Wednesday, December 28, 2011

True Leadership

The American Scholar prints a speech by William Deresiewicz to plebes at West Point in 2009 (h/t Ritholtz):
That’s really the great mystery about bureaucracies. Why is it so often that the best people are stuck in the middle and the people who are running things—the leaders—are the mediocrities? Because excellence isn’t usually what gets you up the greasy pole. What gets you up is a talent for maneuvering. Kissing up to the people above you, kicking down to the people below you. Pleasing your teachers, pleasing your superiors, picking a powerful mentor and riding his coattails until it’s time to stab him in the back. Jumping through hoops. Getting along by going along. Being whatever other people want you to be, so that it finally comes to seem that, like the manager of the Central Station, you have nothing inside you at all. Not taking stupid risks like trying to change how things are done or question why they’re done. Just keeping the routine going.
I tell you this to forewarn you, because I promise you that you will meet these people and you will find yourself in environments where what is rewarded above all is conformity. I tell you so you can decide to be a different kind of leader. And I tell you for one other reason. As I thought about these things and put all these pieces together—the kind of students I had, the kind of leadership they were being trained for, the kind of leaders I saw in my own institution—I realized that this is a national problem. We have a crisis of leadership in this country, in every institution. Not just in government. Look at what happened to American corporations in recent decades, as all the old dinosaurs like General Motors or TWA or U.S. Steel fell apart. Look at what happened to Wall Street in just the last couple of years.

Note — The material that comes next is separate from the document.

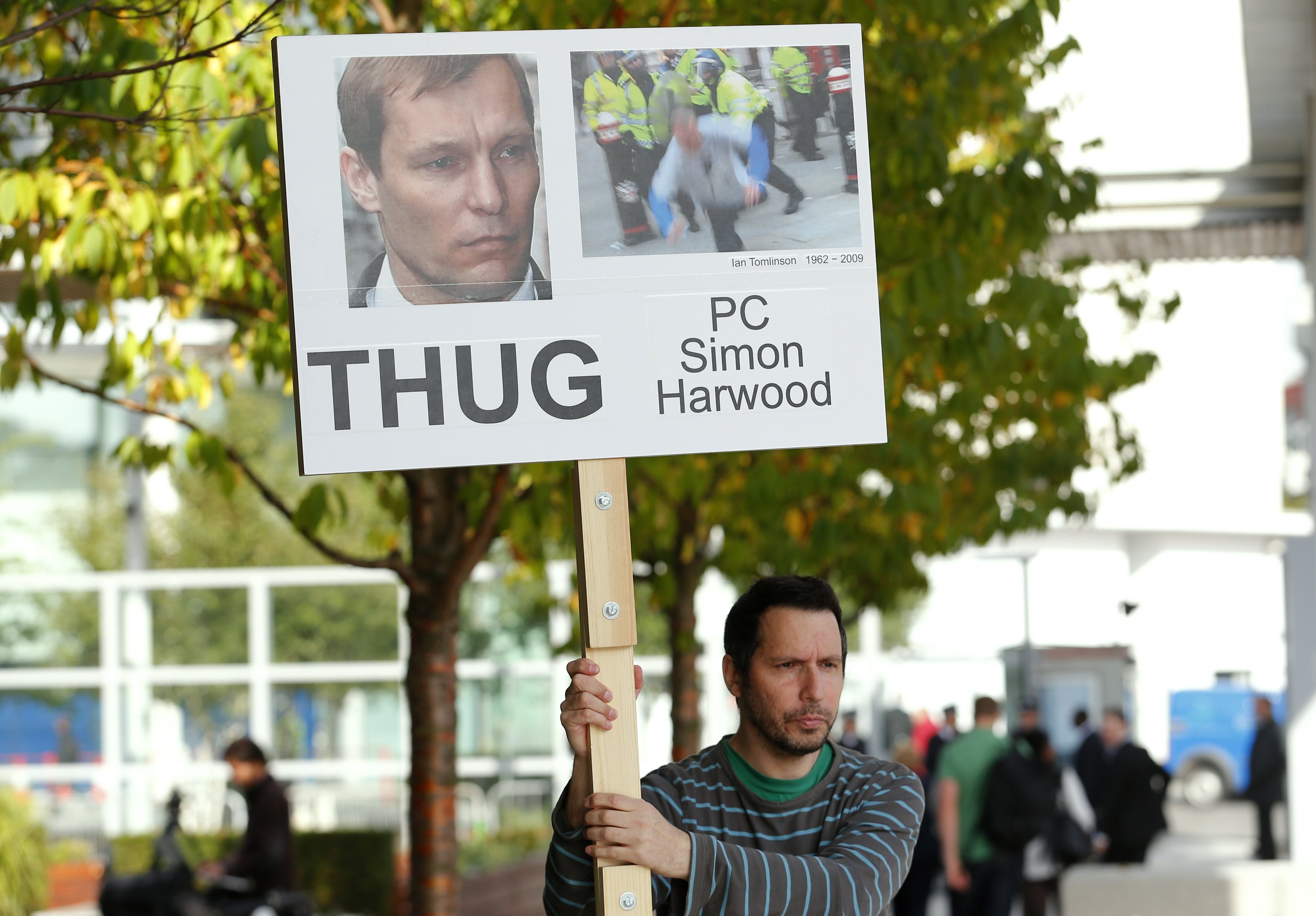 A protester holds a placard during a Metropolitan Police disciplinary hearing for police officer Simon Harwood. Photo: Reuters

Finally—and I know I’m on sensitive ground here—look at what happened during the first four years of the Iraq War. We were stuck. It wasn’t the fault of the enlisted ranks or the noncoms or the junior officers. It was the fault of the senior leadership, whether military or civilian or both. We weren’t just not winning, we weren’t even changing direction.
We have a crisis of leadership in America because our overwhelming power and wealth, earned under earlier generations of leaders, made us complacent, and for too long we have been training leaders who only know how to keep the routine going. Who can answer questions, but don’t know how to ask them. Who can fulfill goals, but don’t know how to set them. Who think about how to get things done, but not whether they’re worth doing in the first place. What we have now are the greatest technocrats the world has ever seen, people who have been trained to be incredibly good at one specific thing, but who have no interest in anything beyond their area of exper­tise. What we don’t have are leaders.

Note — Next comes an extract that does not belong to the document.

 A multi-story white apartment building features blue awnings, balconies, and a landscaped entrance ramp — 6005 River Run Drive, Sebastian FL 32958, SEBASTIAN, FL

What we don’t have, in other words, are thinkers. People who can think for themselves. People who can formulate a new direction: for the country, for a corporation or a college, for the Army—a new way of doing things, a new way of looking at things. People, in other words, with vision.
The whole speech is worth reading.  The description of the achievers in society really hits home today.  The big ideological fight is over whether people who have achieved should have to share resources with those who haven't been as successful climbing the ladder.  But not many people are asking, "achieved what?." or, "why?"  When I read profiles of the CEOs of various extremely large businesses, I typically realize that I was never meant to follow that same career path.  80 or 100 hour work weeks, travel all around the world, relocating your family 6 or 8 times, all to be the head bean-counter or boss man.  I don't understand what drives those folks.  I like solving problems, but they don't have to be large scale problems.  It can be something minor, like learning how to fix a home appliance I've never worked on before.  Don't get me wrong, I'd like to solve giant problems, but, for the sake of my sanity, I'm not bulling ahead in the big business world.  Anyway, the ability to conform, and to follow the conventional wisdom, might move one up the ladder, but it doesn't make what's getting done worth doing.  Is the ability to see that profits can be increased by moving production to China really an ability which should be greatly rewarded?

One of the things that struck me about the excerpt above is that it pretty effectively describes the problems we have in our political system.  The electorate is nearly evenly split between left-leaning and right-leaning people, but we are segregated.  Outside of the major metropolitan areas, there aren't many left-leaning folks, while inside the big cities, there aren't many right-leaning folks.  Both areas have tremendous problems, and tremendous blind spots.  In order for anyone to move up the ladder and get elected, they have to tow the party line, for better or worse.  In reality, folks on the left need to assent to some of the points made on the right, and vice versa.  But if somebody is to stand up and say what needs said, they won't get elected.  Conformity is killing us.